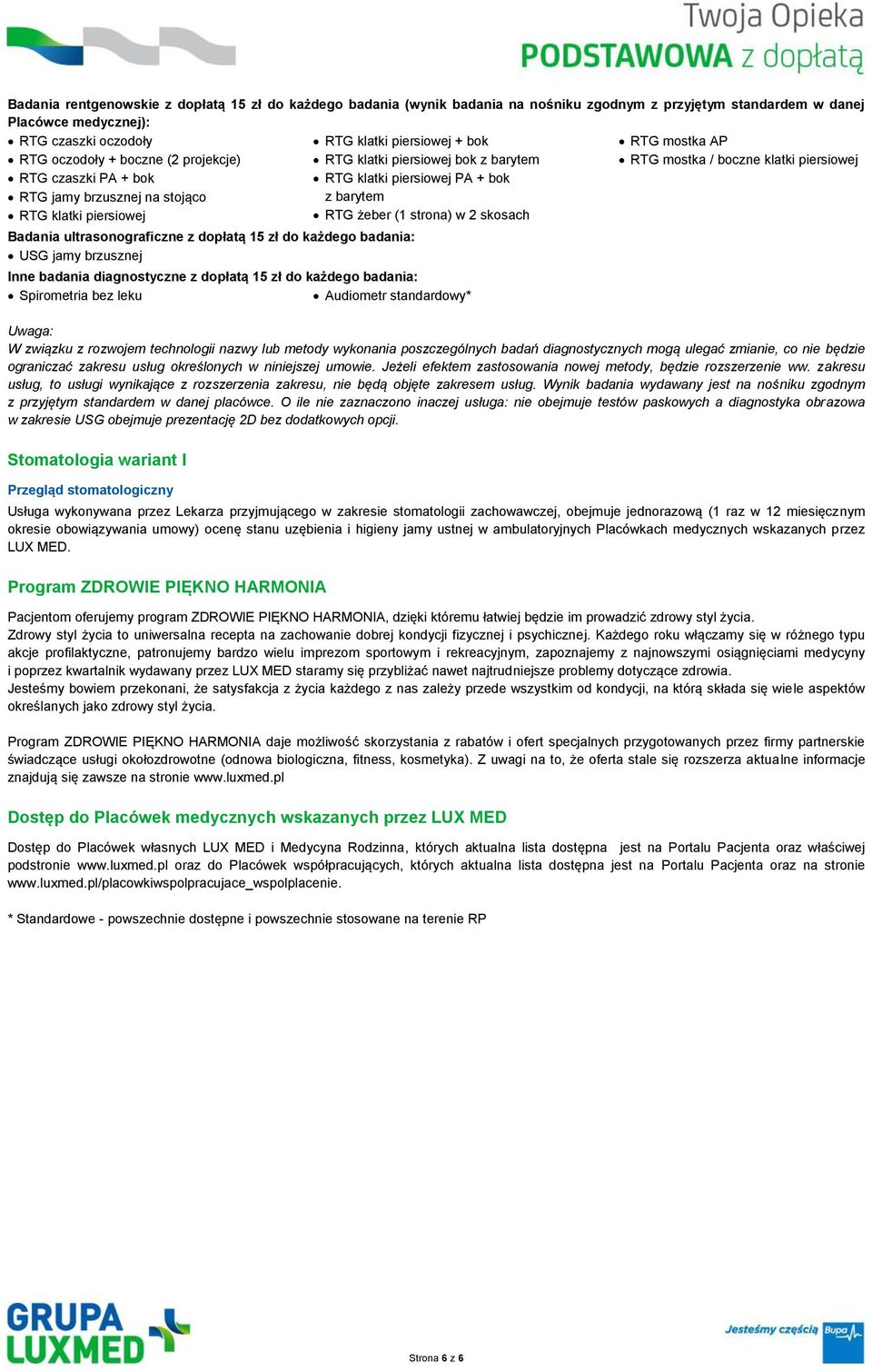 w 2 skosach RTG mostka AP RTG mostka / boczne klatki piersiowej Badania ultrasonograficzne z dopłatą 15 zł do każdego badania: USG jamy brzusznej Inne badania diagnostyczne z dopłatą 15 zł do każdego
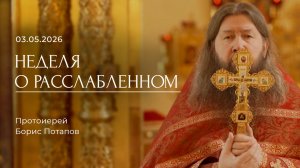 Неделя о расслабленном. Протоиерей Борис Потапов (03.05.2026)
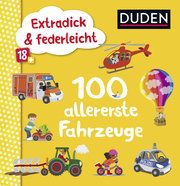 Extradick & federleicht - 100 allererste Fahrzeuge - Cover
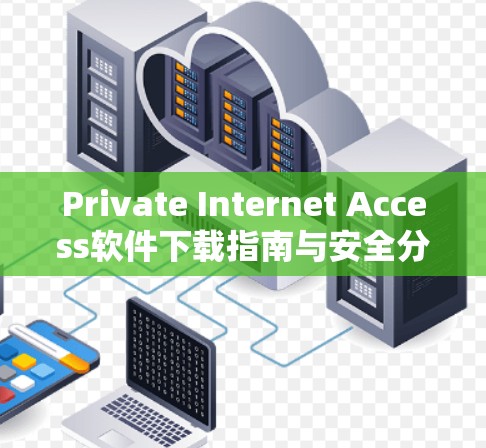 Private Internet Access软件下载指南与安全分析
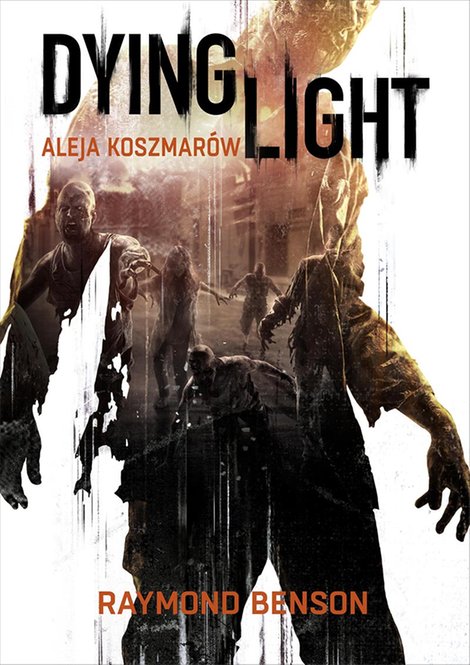 ebooki: Dying Light. Aleja Koszmar&oacute;w &ndash; ebook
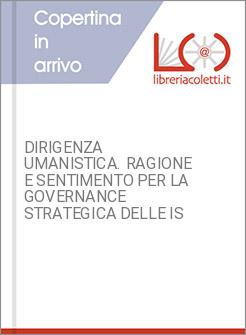 DIRIGENZA UMANISTICA. RAGIONE E SENTIMENTO PER LA GOVERNANCE STRATEGICA DELLE IS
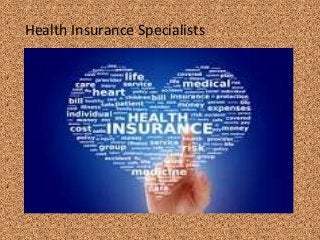 Health Insurance Specialists
 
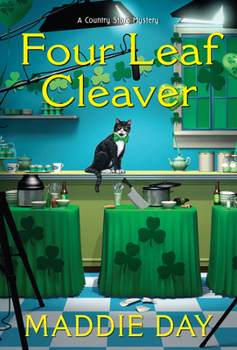 Four Leaf Cleaver - Book #11 of the Country Store Mystery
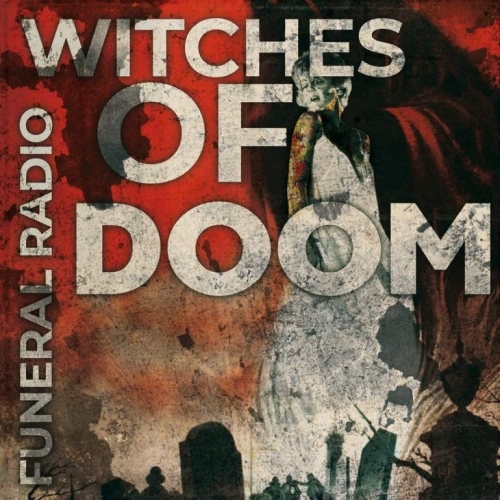 Witches of Doom - Funeral Radio (2020)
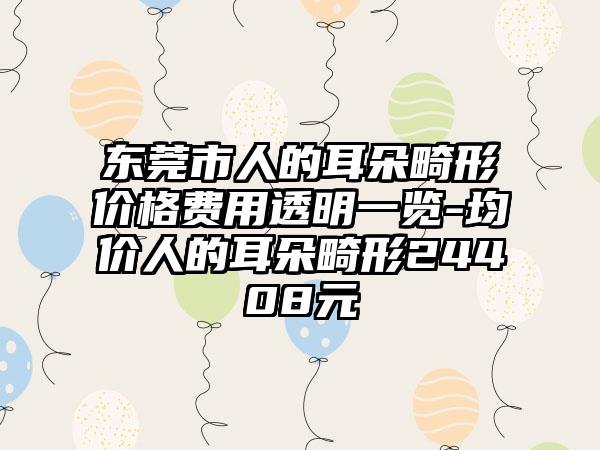 东莞市人的耳朵畸形价格费用透明一览-均价人的耳朵畸形24408元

> EXERCISE INSTRUCTIONS
All of the records above are to be copied exactly, minus the pictures.

> THE ANSWER
 w 2 skosach RTG mostka AP RTG mostka / boczne klatki piersiowej Badania ultrasonograficzne z dopłatą 15 zł do każdego badania: USG jamy brzusznej Inne badania diagnostyczne z dopłatą 15 zł do każdego
 Неделя о расслабленном. Протоиерей Борис Потапов (03.05.2026)
 Extradick & federleicht - 100 allererste Fahrzeuge - Cover
 Private Internet Access软件下载指南与安全分析
 ebooki: Dying Light. Aleja Koszmar&oacute;w &ndash; ebook
 DIRIGENZA UMANISTICA. RAGIONE E SENTIMENTO PER LA GOVERNANCE STRATEGICA DELLE IS
 Health Insurance Specialists
 
 Four Leaf Cleaver - Book #11 of the Country Store Mystery
 Witches of Doom - Funeral Radio (2020)
 东莞市人的耳朵畸形价格费用透明一览-均价人的耳朵畸形24408元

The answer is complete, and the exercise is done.